# 3 foot talking skull



## Shock (Apr 14, 2012)

I posted in another post but figured this would be more clear.

I am making a giant 3 foot tall by 2 foot wide talking skull and need a super servo to control the mouth movement which weighs an estimated 1 to 2 lbs.
I have read a lot about using a wiper motor in a servo configuration to achieve this effect. Does anyone have any schematics or wiring diagrams, thoughts, ideas, links, etc.

Thanks,


----------



## HomeyDaClown (Oct 3, 2009)

There are a lot of articles on the web on building monster servos out of wiper motors. http://www.rcuniverse.com/forum/m_9236698/anchors_9236698/mpage_1/key_/anchor/tm.htm#9236698

It's not too difficult to setup but you will not have a lot of speed with any wiper motor in terms of degrees rotation per second. It would be fine for basic movements but hard to get the wiper motor to respond quick enough to realistically move the jaw.

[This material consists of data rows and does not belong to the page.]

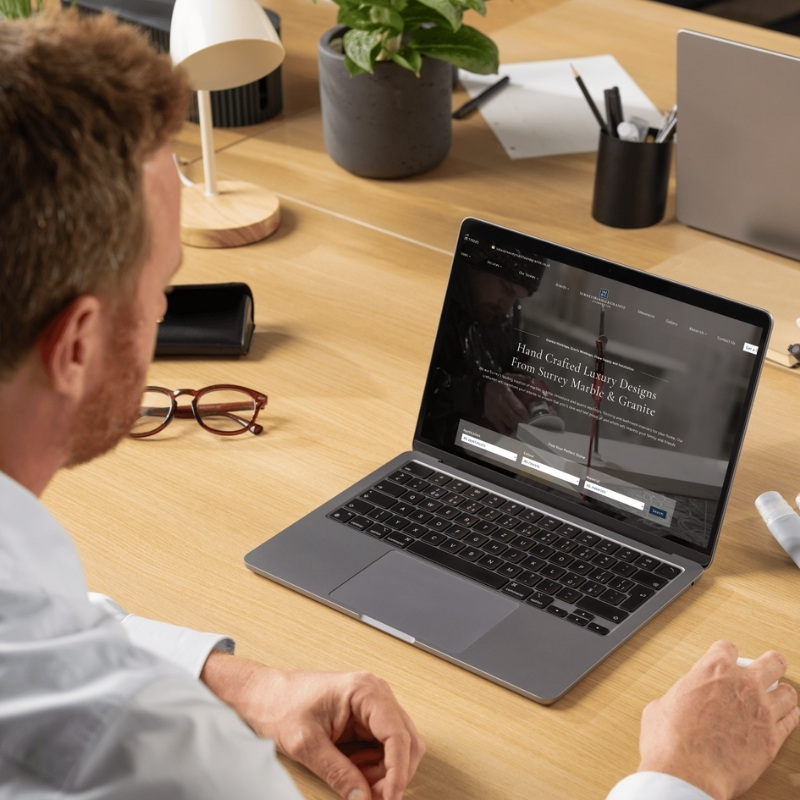 Laptop mockup showcasing the Surrey Marble & Granite website homepage.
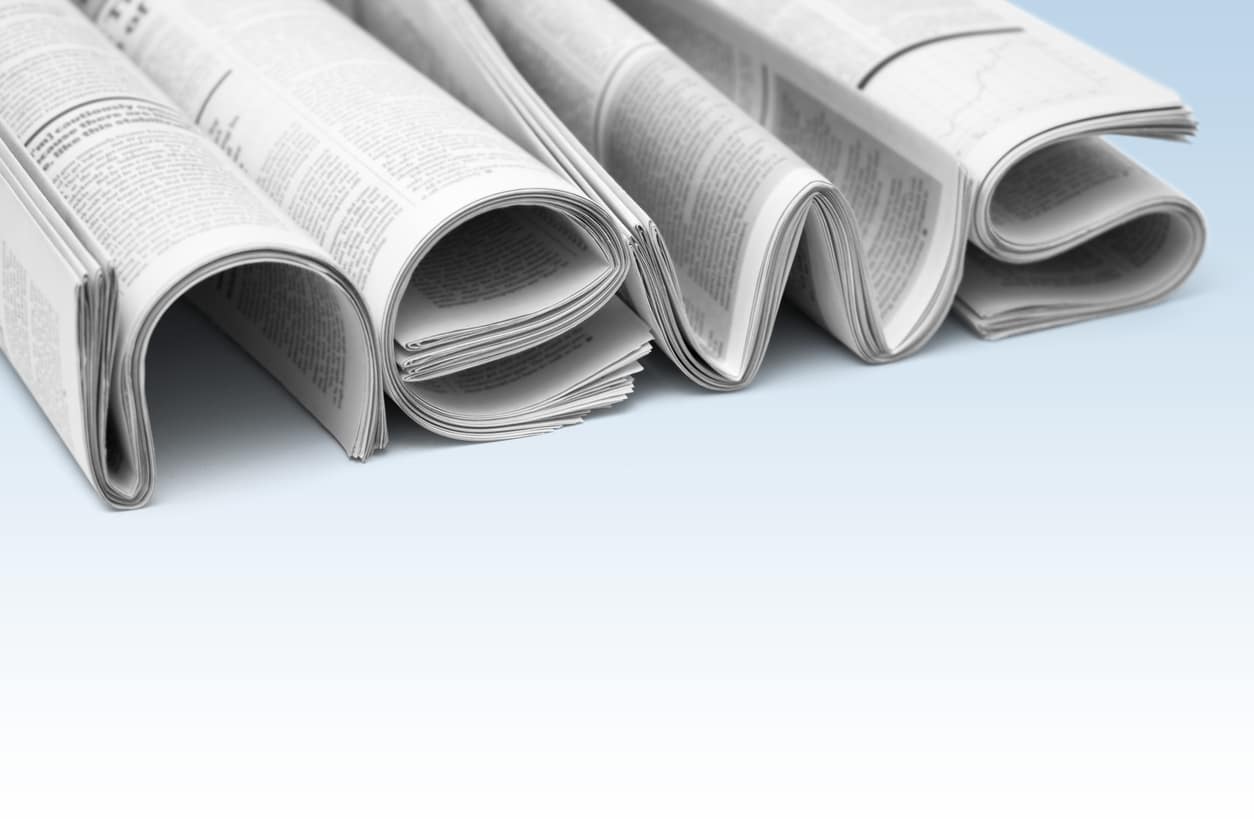 Stacks of modern newspapers, composed in form of word NEWS on gradient background. Concept of news and events of company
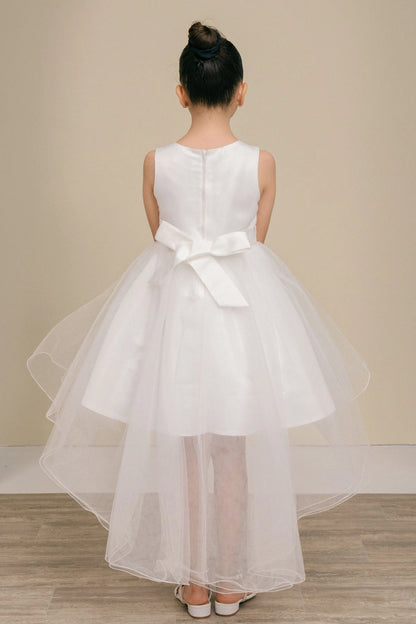 Shown in a back view, the White flower girl dress has satin bow and layered high-low tulle skirt.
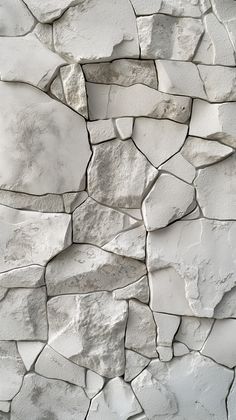 a white stone wall with cracks in it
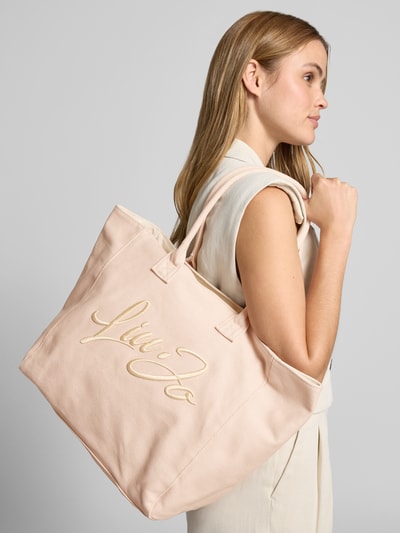 Vrouwenmodel draagt Shopper met Label-Stitching model 'PLENTIA' van Liu Jo White, katoen, lichtbeige, hoofdvak met rits, zijaanzicht, detailopname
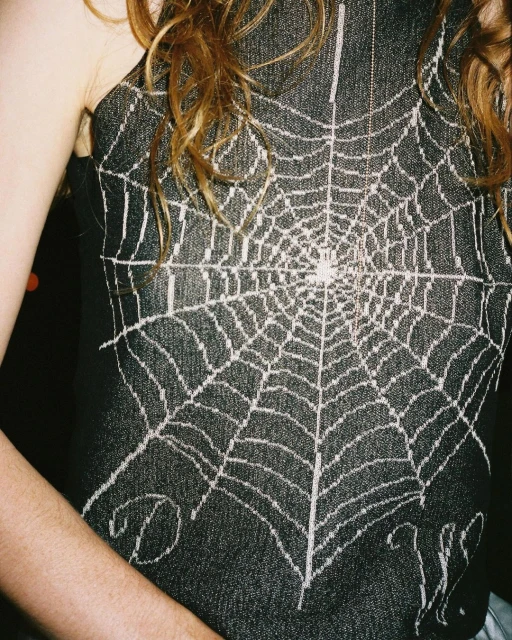 Close-up of a woman wearing a dark denim tank top with a white spiderweb design, her shoulder and arm visible.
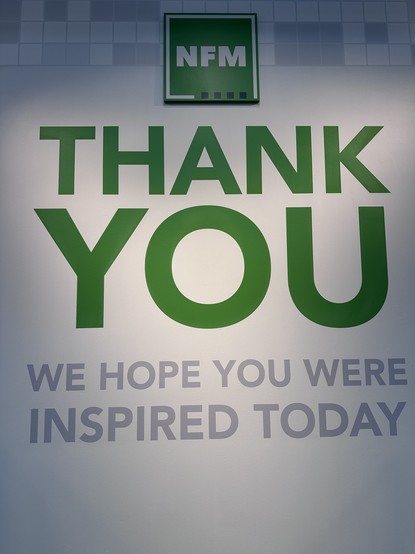 A wall display featuring the text "THANK YOU" in large green letters, accompanied by smaller gray text that reads "WE HOPE YOU WERE INSPIRED TODAY." The logo "NFM" is displayed above the text.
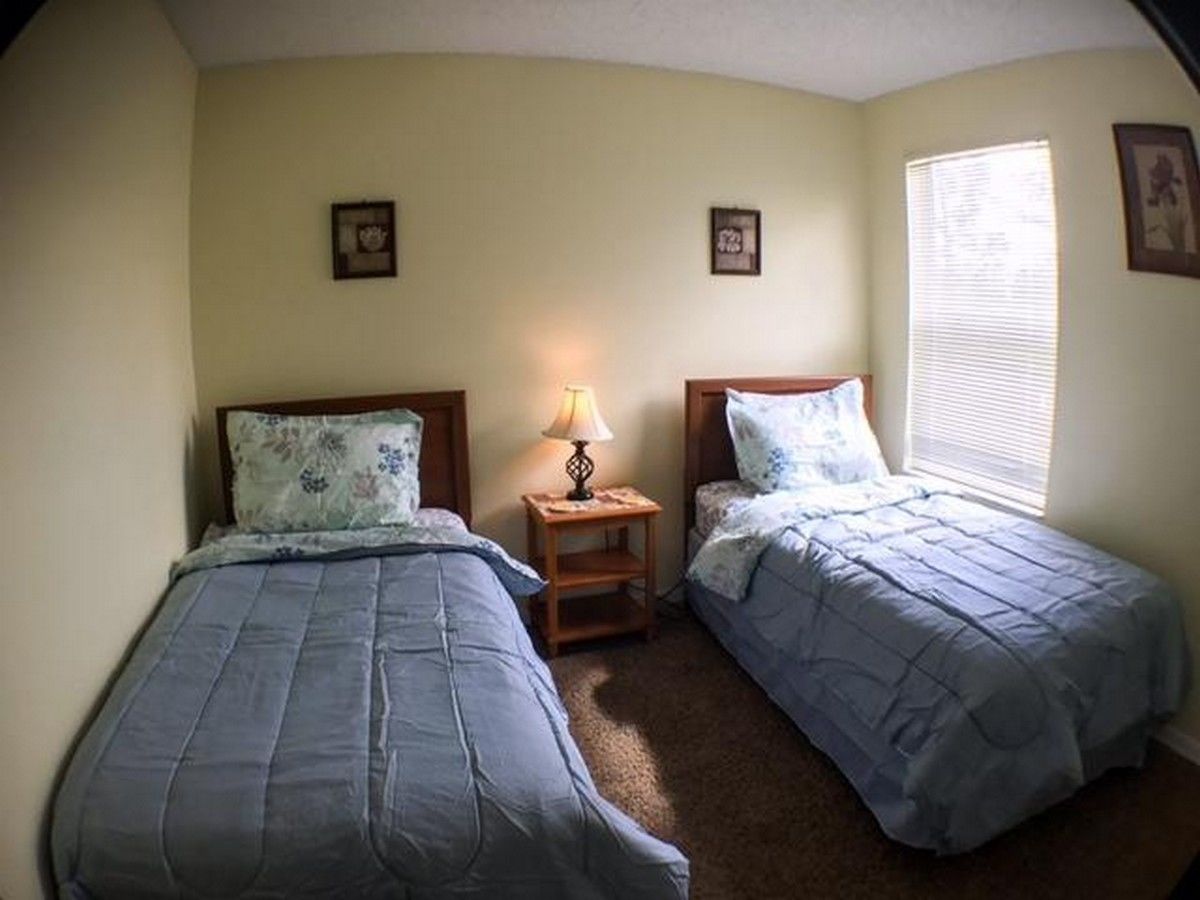 Un dormitorio con dos camas individuales, una mesita de noche con lámpara y una ventana con persianas.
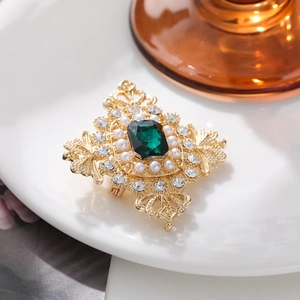 Vintage palace style brooch with emerald-cut green crystal and pearls on gold base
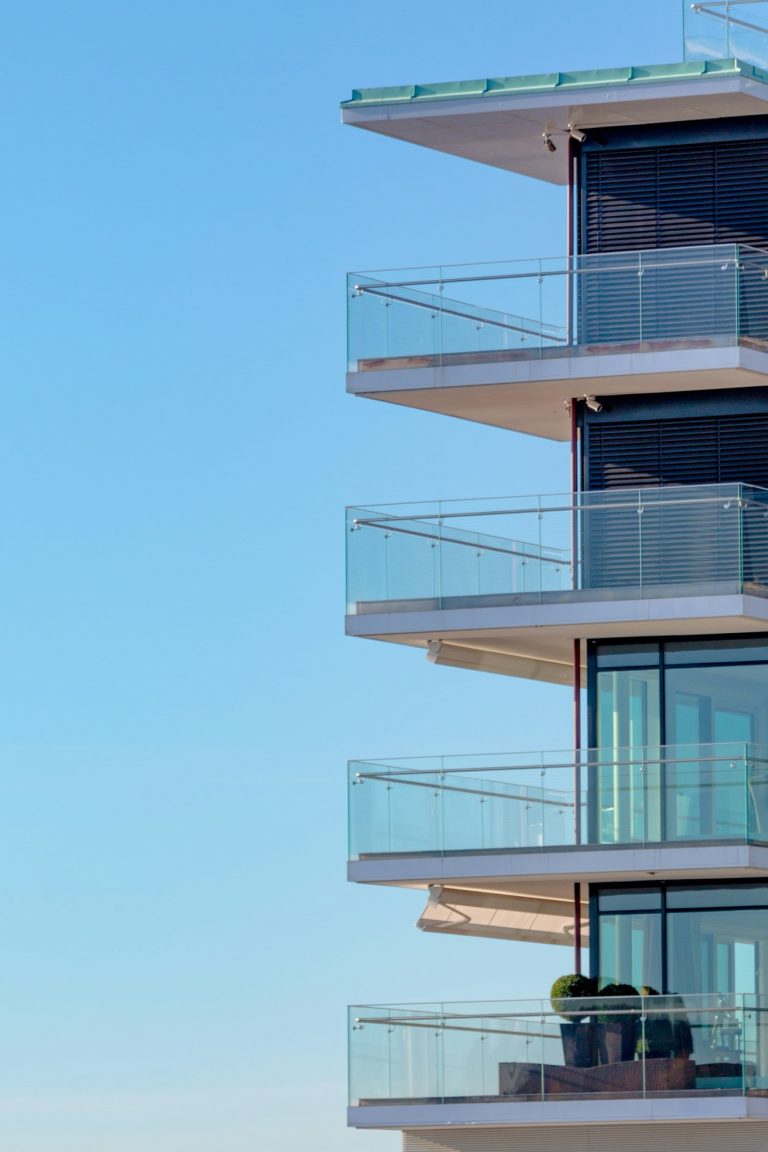 Glass balconies with clear balustrades on a modern apartment building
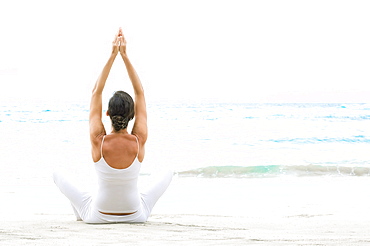 Hawaii, Woman meditating on ocean shore.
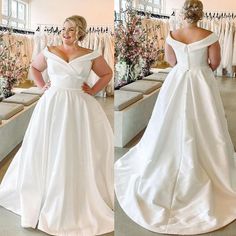 a woman standing in front of a mirror wearing a white wedding dress with an off the shoulder neckline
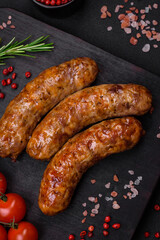 Delicious fried grilled sausages with salt, spices and herbs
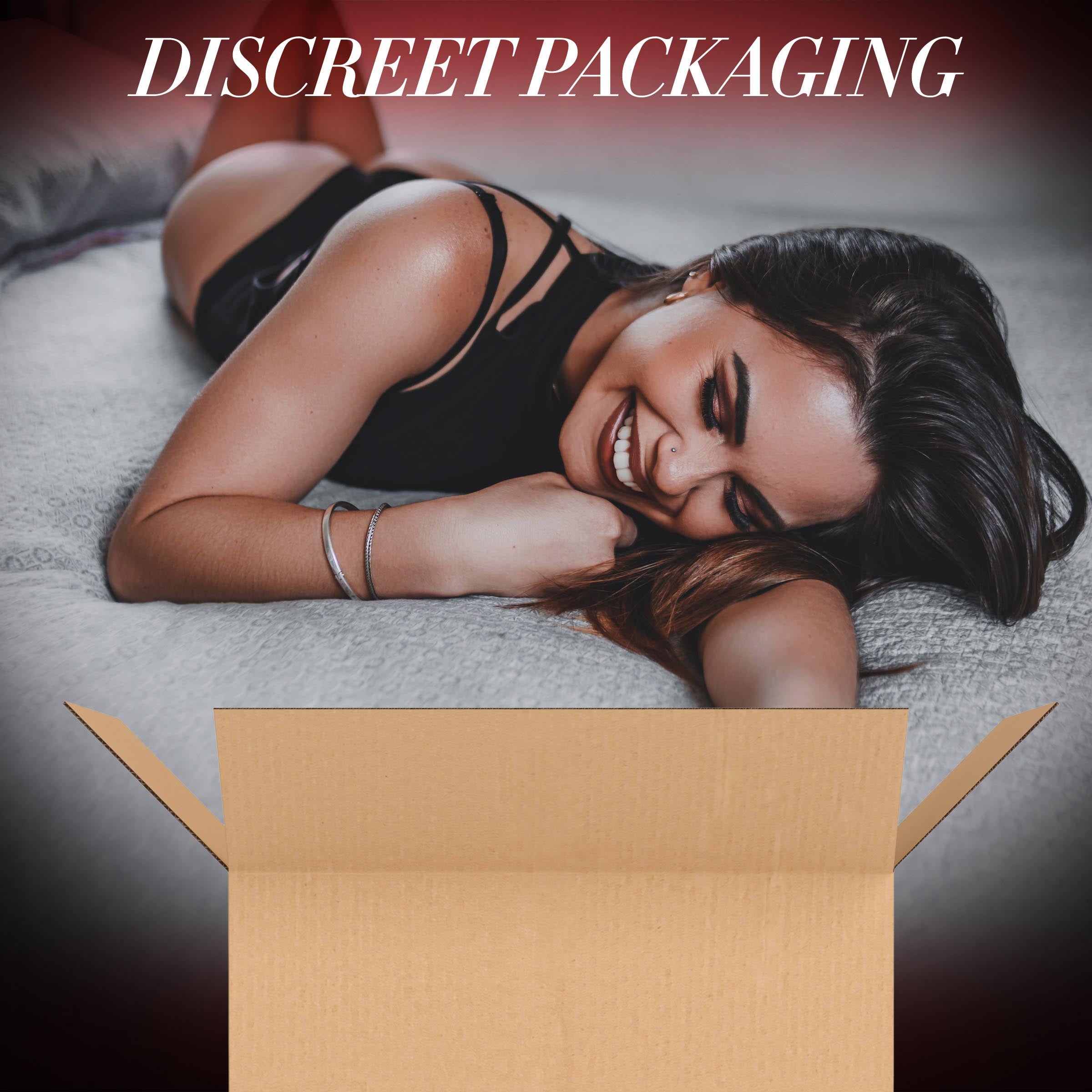 Mystery box for women with discreet packaging on a bed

For a setup like you want to do, I'd use two way pneumatic cylinders instead. Plenty of speed there and you can still control it from a PC running VSA ($$$) or Vixen (free) with a basic relay board.


----------



## Shock (Apr 14, 2012)

Thank you for the info.


----------



## spinman1949 (Jun 29, 2009)

Another option is to stay with the servo and counter weight the jaw. I did this with my 3 axis and it allowed me to use a sub servo. If you can mount the jaw on a shaft you can use a spring and collet to allow for easy adjustment. I basicall got my jaw to stay closed with the spring and then the servo just had to overcome that force. Naturally you will still need a fairly strong servo to deal with the inertia. Here is a servo that while not cheap, would likely handle the load. It is fairly fast as well which you need for good mouth movement.

http://servocity.com/html/hs-7980th_servo.html


----------